Stephen Janis: Well, there was no real justification if you really read the probable cause closely. The Trenton Police, as you can see, here are the headquarters in the background, really charge him with obstruction, administrative obstruction, and then they charge him for not having a license.
But we talked to Mr. Banks and he said that was not true. But of course if you listen to the body camera footage, you don’t see any sort of sign that they’re going, hey, can I look at your license? For example, when they walk up to the car, they don’t say, could you present your license? They, in fact, did the exact opposite, which is just drag him out of the car. So there really wasn’t a chance for Mr. Banks to produce his license.
So those are the primary charges. They obviously didn’t find anything in his car. They searched it with what they call so-called negative results. So the charges were extremely minimal and really not justified in any way I can see by watching the body camera video.
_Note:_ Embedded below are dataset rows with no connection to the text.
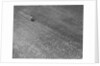 Field of Crops by Anonymous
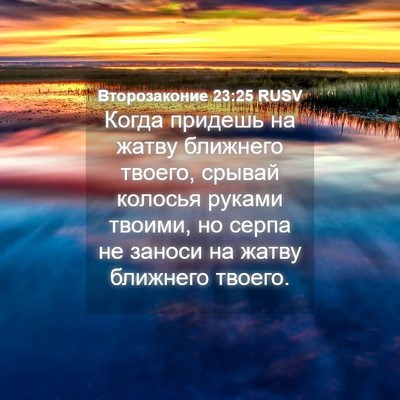 Picture 04 - Второзаконие 23:25 RUSV - Когда придешь на жатву - Bible Verse Picture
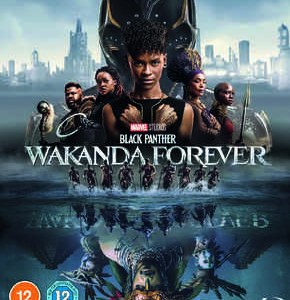 Black Panther: Wakanda Forever (Blu Ray)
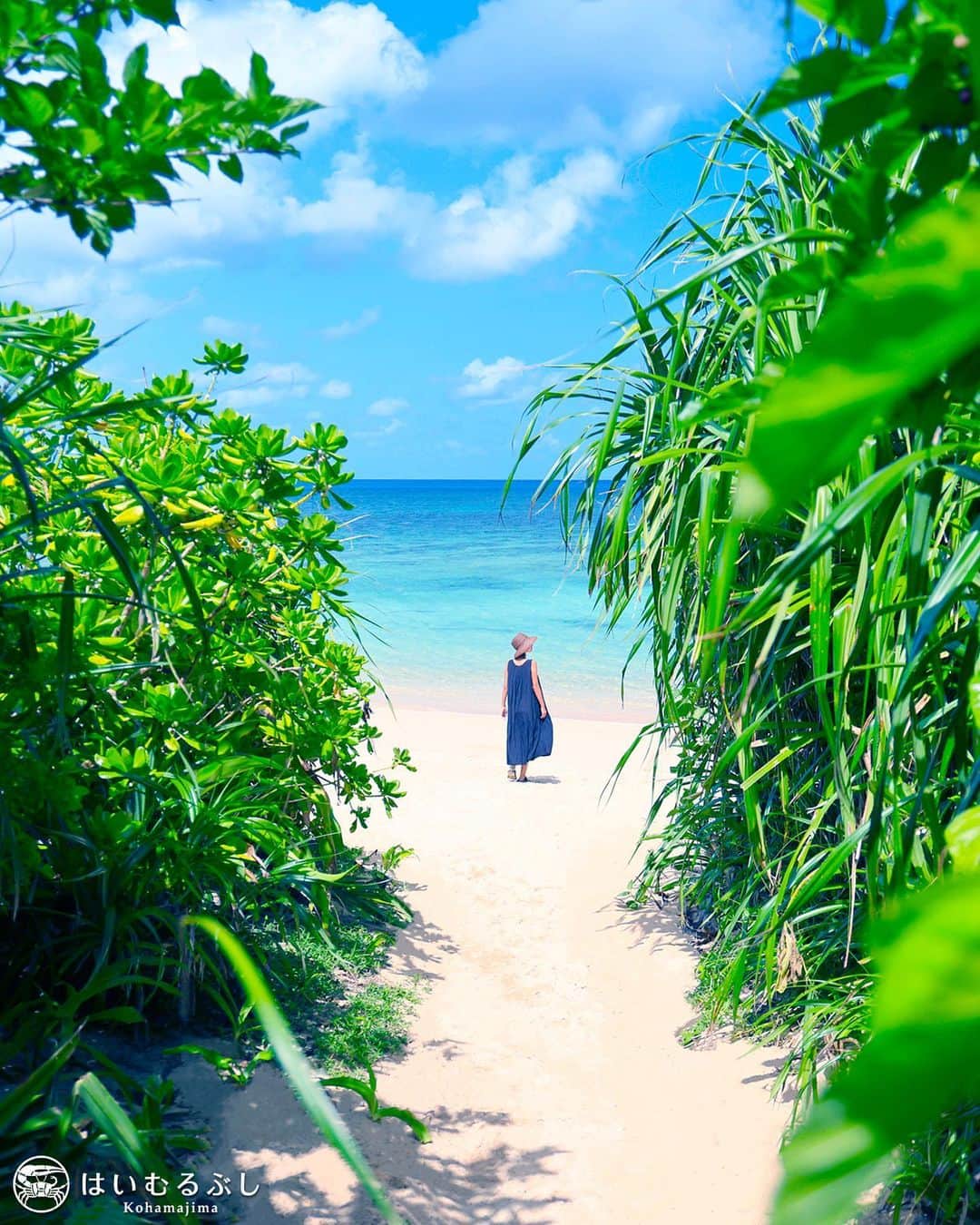 HAIMURUBUSHI はいむるぶしのインスタグラム：「小浜島・はいむるぶしから癒しの風景をお届けします。 亜熱帯の森を抜けると青く煌めくサンゴ礁の海… 白い砂浜には小波は打ち寄せ、心地よい海風と波音が優しく出迎えてくれます。 ここにしかない、自然からの贈り物に癒されます。 #沖縄 #八重山諸島 #離島 #海 #砂浜 #波 #景色 #旅行 #癒し #小浜島 #リゾート #ホテル #はいむるぶし  #japan #okinawa #island #beautiful #scenery #sea #beach #road #travel #resort #hotel #haimurubushi」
So we had spoken to them on the phone and then they agreed to do an interview with us and we talked to them specifically. We had four major questions, which I’m showing you on the screen right now, mostly related to how they justified the difference between what the officers said they did and what happened on body camera footage. I wanted the salaries of these officers, but also I wanted an explanation for this type of unit. What was this unit? What are the tactics of this unit targeting poor neighborhoods? Or targeting neighborhoods that they say, hey, if you’re there, you committed a crime. I wanted more explanation on that.
But, Taya, with that being said, we had a real lesson in police accountability because, as I said, before we came up to Trenton to get comment from police, we had every assurance we would get comment from police. And then the police spokesperson, who is paid to talk to the press about problems with policing, disappeared.
Taya Graham: I did speak with her yesterday. She did say she’d be really available after 2:00. She just hadn’t decided if she wanted to do it on camera, which is fine. It didn’t have to be on camera. I just needed to get comment. And there’s no one else that’s available to speak to media? Okay. Well, I really appreciate your help and your time. Thank you.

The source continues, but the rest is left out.